Ce succès n’est que l’avant-garde d’une nuée d’opérateurs privés - Blue Dragon, Rocket Lab, Airbus, Lockheed Martin, Virgin Galactic… - qui visent l’orbite terrienne, la lune, Mars, la ceinture d’astéroïdes pour y développer des activités économiques. Des ambitions qui risquent bien de faire une entaille dans le traité de l’espace de 1967. Le monde est alors en pleine guerre froide. En 1957, le lancement de Sputnik 1 faisait craindre le début de la guerre spatiale.

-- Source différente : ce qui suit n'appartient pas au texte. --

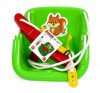 LEAGAN VESELUL COPILAS 9 VERDE, Viva Toys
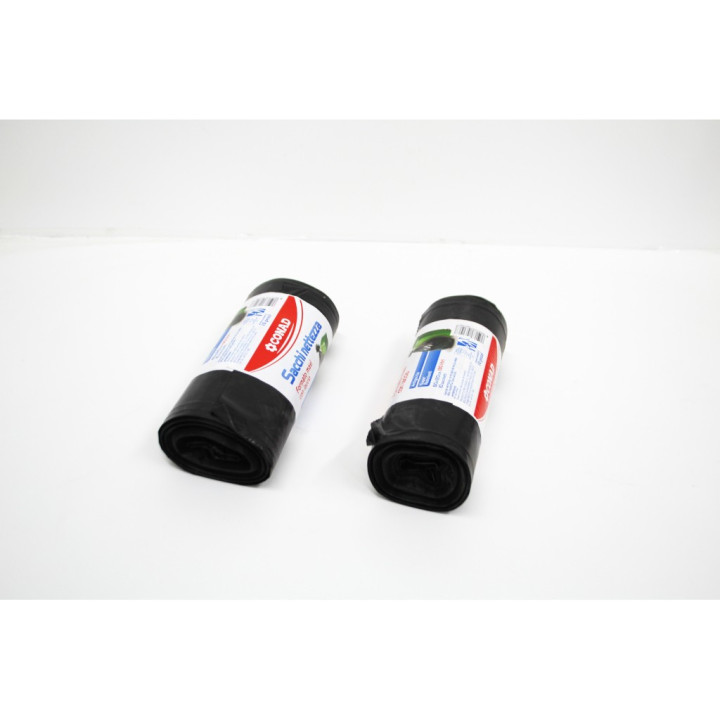 3 x Sacchi nettezza ubana verde scuro misura  45x50 20 pz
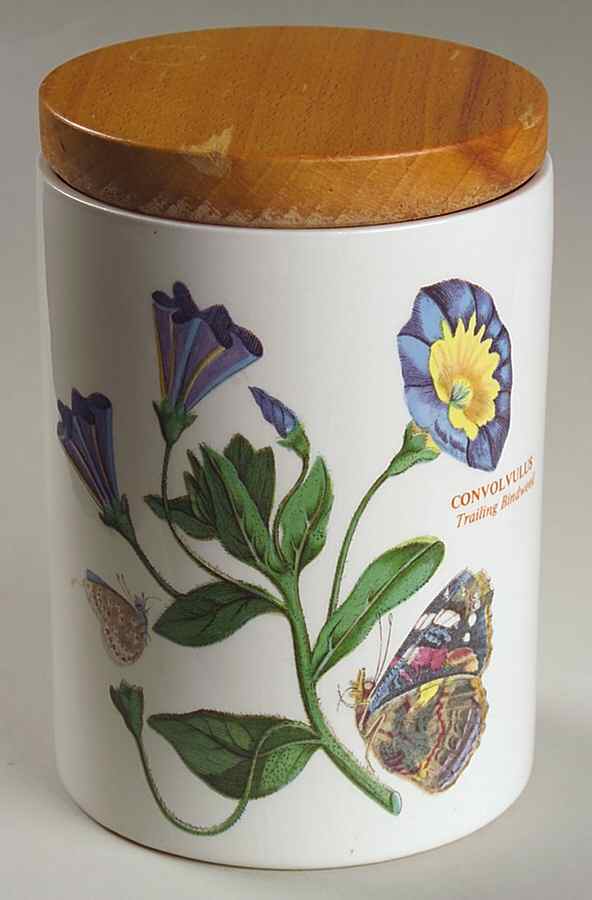Botanic Garden 5" Storage Jar & Lid by Portmeirion-1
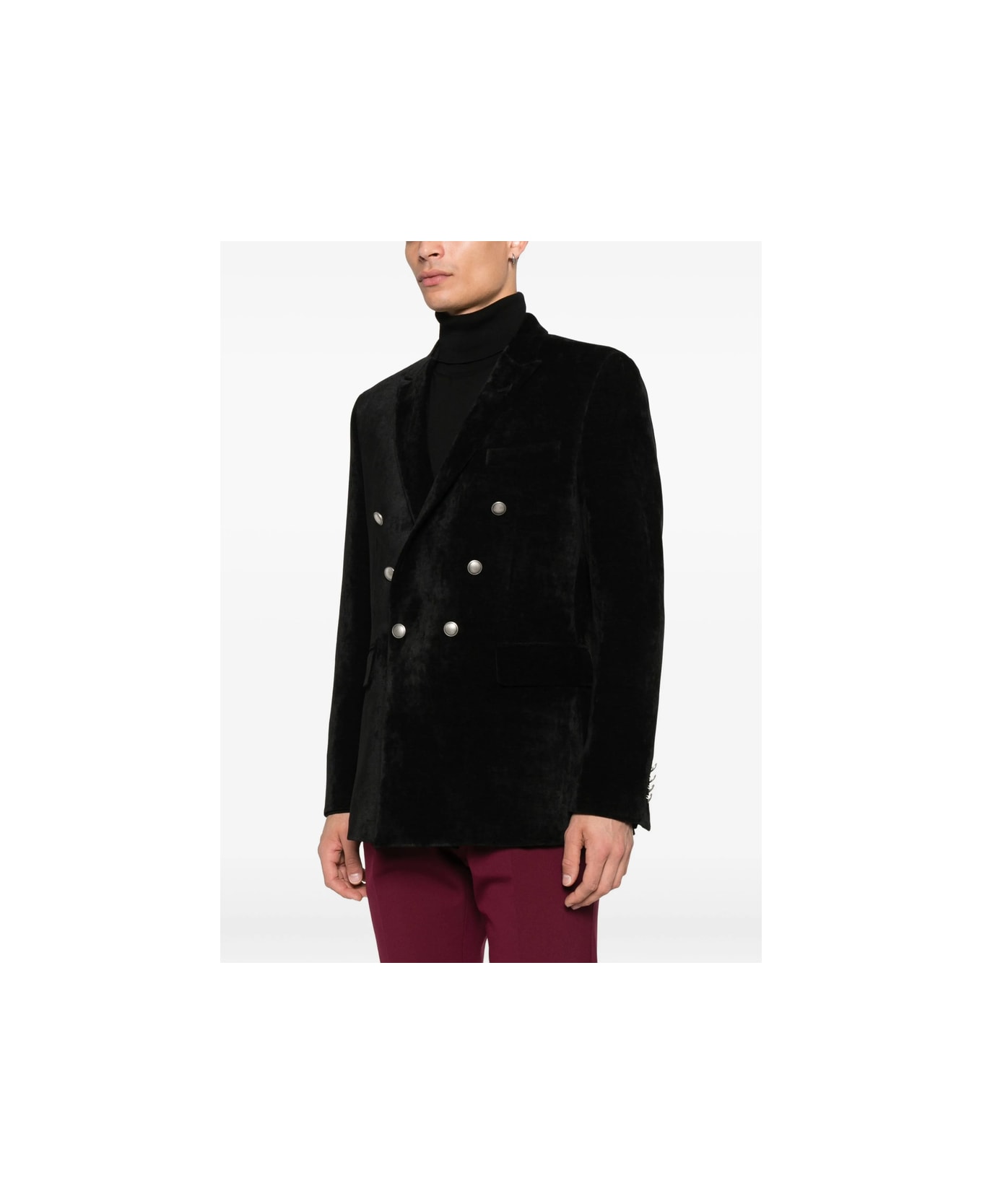 Reveres 1949 Jacket - BLACK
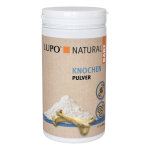 1 200 g os en poudre barf lupo natural, complment alimentaire pour chiens
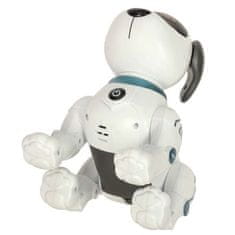 LIVEFY Interactive Dog robot na daljinsko upravljanje, bela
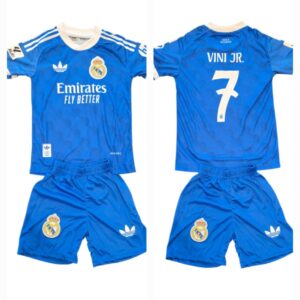 detský futbalový dres vini jr. real madrid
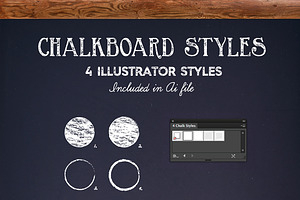 Chalkboard Lettering Project Kit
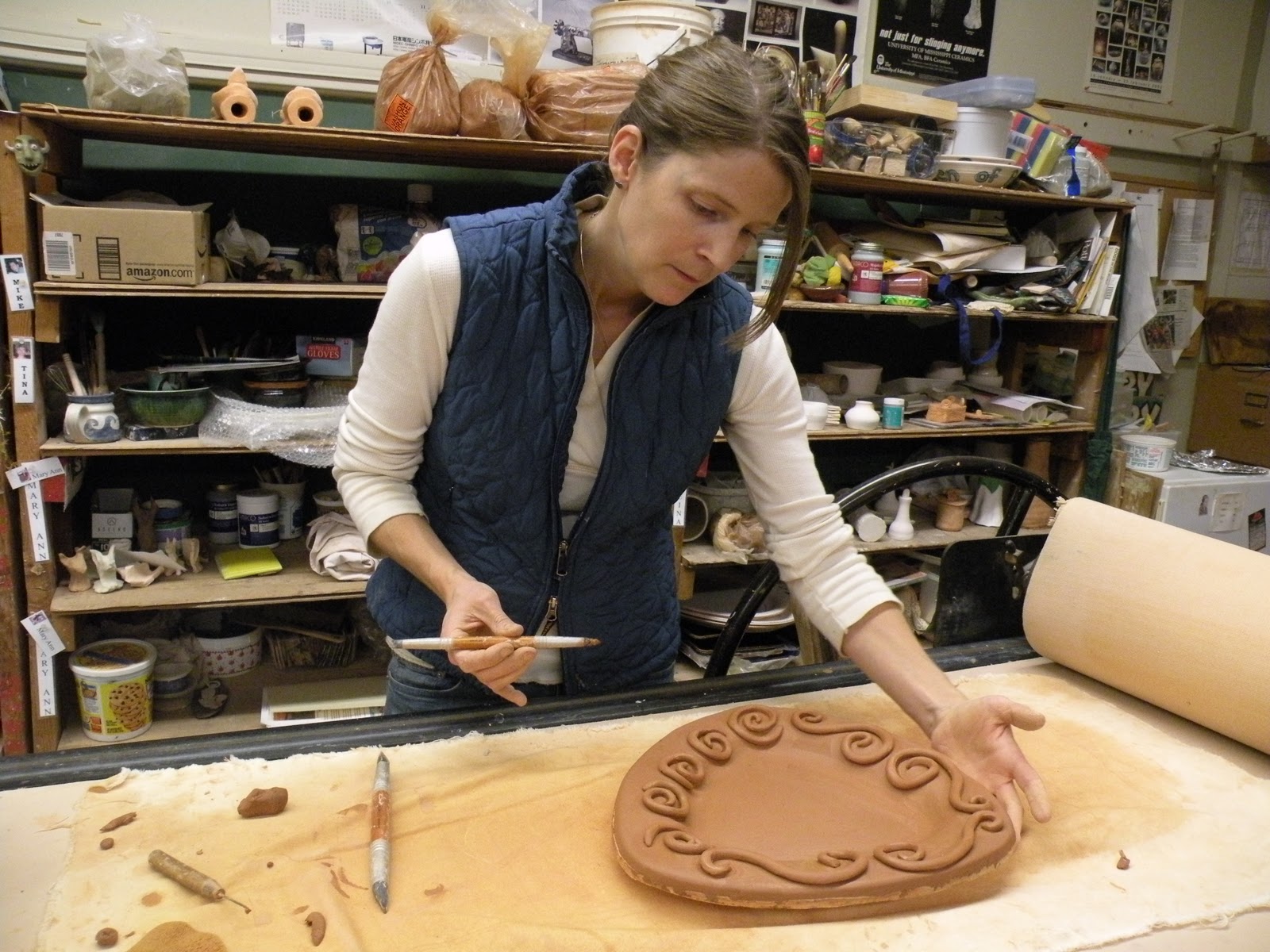 Shoreline Area News Sculptors Holiday Pottery Sale in Edmonds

Et en 1967, le premier alunissage (une mission russe non habitée) laisser envisager la colonisation du système solaire.
C’est pourquoi le Comité des utilisations pacifiques de l'espace extra-atmosphérique de l'ONU, créé dès 1959, décide d’encadrer la suite de l’aventure spatiale. Ainsi, le traité de l’espace voit le jour le 27 janvier 1967 et est signé par les États-Unis, l’Union soviétique et le Royaume-Uni. La France, qui possède son Centre National d’Études Spatiales (CNES) depuis 1931 le signera aussi en 1970. Ce traité prévoit que tous les États puissent accéder à l’espace sans se l’approprier.
Barack Obama change la donne
Il indique aussi qu’aucune arme ou installation militaire ne peut être déployée ou testée dans l’espace. En 1979, un nouveau traité sera créé concernant la lune et les autres corps célestes. Il indique que ceux-ci n’appartiennent à personne, s’inspirant des lois gérant les eaux extraterritoriales sur Terre. Le traité est de fait inutile puisqu’aucun des pays qui ont des programmes lunaires actifs aujourd’hui, comme les États-Unis, le Japon, la Chine ou l’Inde, ne l’ont ratifié.
De toute manière, la non-propriété de l’espace, des planètes ou des astéroïdes semblent d’ores et déjà être de l’histoire ancienne. En effet, de nombreux astres seraient riches de matières premières. Et il sera tout à fait possible d’aller les miner dans notre voisinage dans les décennies à venir. C’est pourquoi en 2015, Barack Obama a signé le Space Act.
Il indique que des "citoyens américains peuvent entreprendre l'exploration et l'exploitation commerciales des ressources spatiales", même si cela ne leur en donne pas la propriété. Seule limite, il est interdit d’exploiter des ressources vivantes si celles-ci venaient à être découvertes. Quant à Donald Trump, il a ordonné la création en 2019 d’une Space Force visant à assurer la défense des États-Unis dans l’espace.